Sejanus, obviously, centers around the arch political operator of by that name, the feared emissary of self-exiled old emperor Tiberius. Sejanus is hated by most of the Senate in Rome to the exact same extent that he’s blindly trusted by Tiberius, in whose name he runs the empire and rules the City. At the beginning of the book, some senators approach Corvinus to sound him out on the possibility of digging up some dirt on the man, and unbeknownst to those senators (and to Corvinus himself, for a while), he has an added reason: a letter from the deceased empress Livia, urging him to help bring down Sejanus.
Corvinus agrees to snoop, which means sifting through mountains of Senatorial records. Apparently mundane developments like that always give Wishart, a classics scholar, prime opportunities to work in some of the factual exposition he does so well:
Okay so far.
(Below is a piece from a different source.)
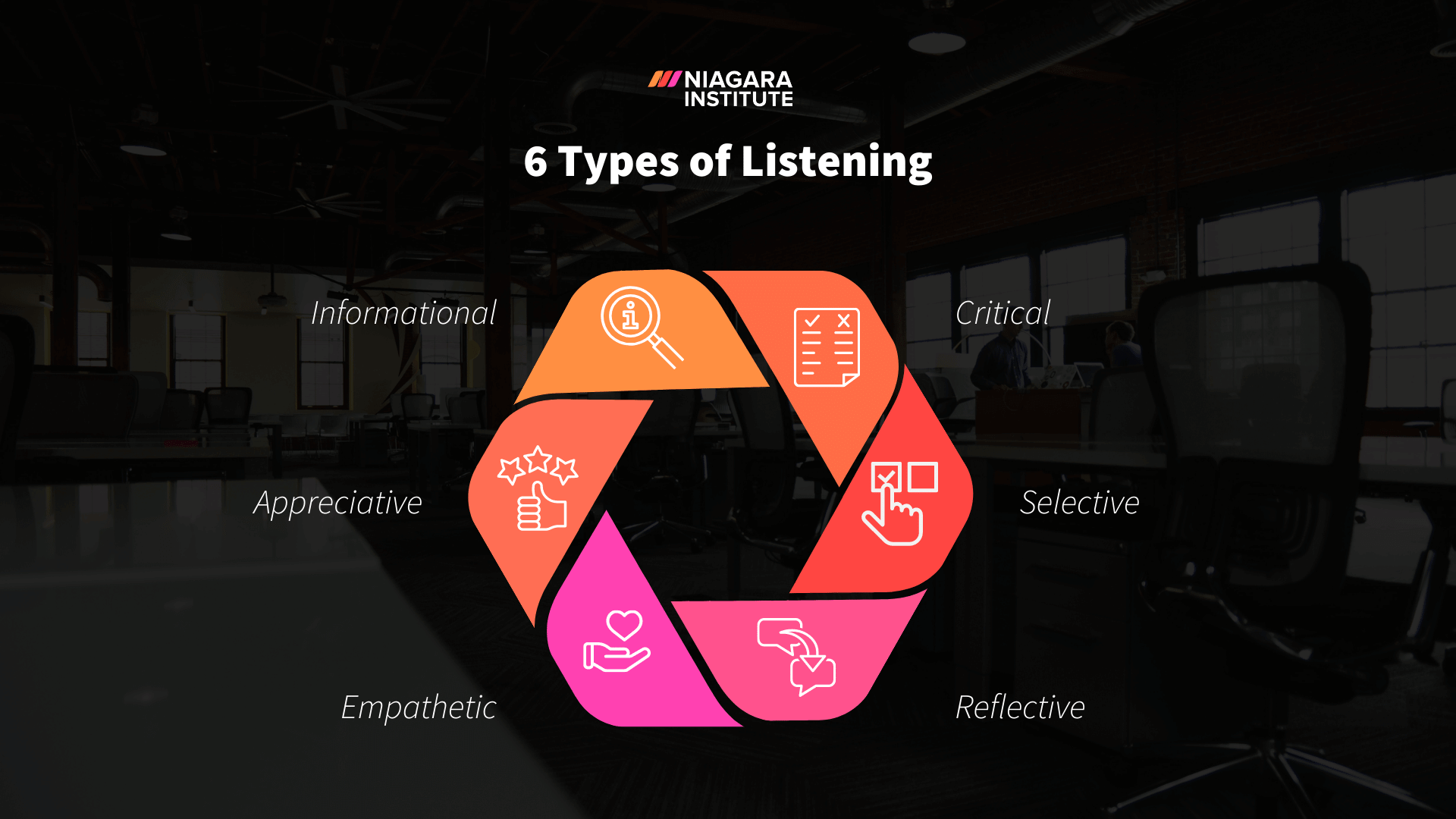 Types of Listening - Niagara Institute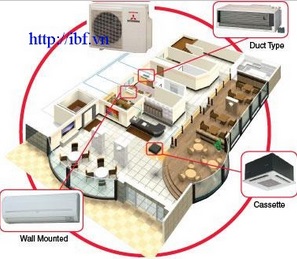 Ưu điểm của hệ thống điều hòa Multi Mitsubishi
There was one other possibility, that the records had been tampered with physically. Senatorial records, like normal books, are made up of standard-sized sheets glued together top to bottom and wound on a spindle. If someone wanted to lose a piece of text at the start of finish of a sheet all they’d have to do would be detach the page, cut it across at the appropriate point and glue it back along the new edge. Taking out a passage in the middle of the page would be more difficult, and so easier to spot; at the very least there’d be traces of rubbing, maybe signs of a different hand or a different colour ink in the necessary filler if the forger wasn’t all that competent.
But it’s the personalities that make these books, of course: Wishart has a gift for cutting characters in fine detail – including, in this book, inevitably, one of the toughest characters in all of Roman history, th much-misunderstood, much-maligned Tiberius himself. When most of the fireworks and plot twists are over in Sejanus, Corvinus finds himself sharing a skin of wine with the terrifying old man, and Wishart gives him a little personal summation that’s better than any of the long-winded justifications he got in Graves:
‘Oh yes, the rumours.’ The yellow teeth flashed in a snarl. ‘That I indulge my depraved tastes with a constant round of perversions. That I live on aphrodisiacs and bugger painted children in the open air.’ I said nothing; I hadn’t known that he knew. ‘Fools can believe what they like, Corvinus. I’ve never cared about their opinion. And so long as my writ runs and I hold the empire here‘ – he held out a clenched fist – ‘I’ll take Capri and slander over Rome and the petty squabbles of her fawning lickspittle Senate any day. In the end I’ll be judged on my actions and not on wineshop gossip. And if I’m not then the future can go and fuck itself. Clear?’
Clear enough! God I love these books.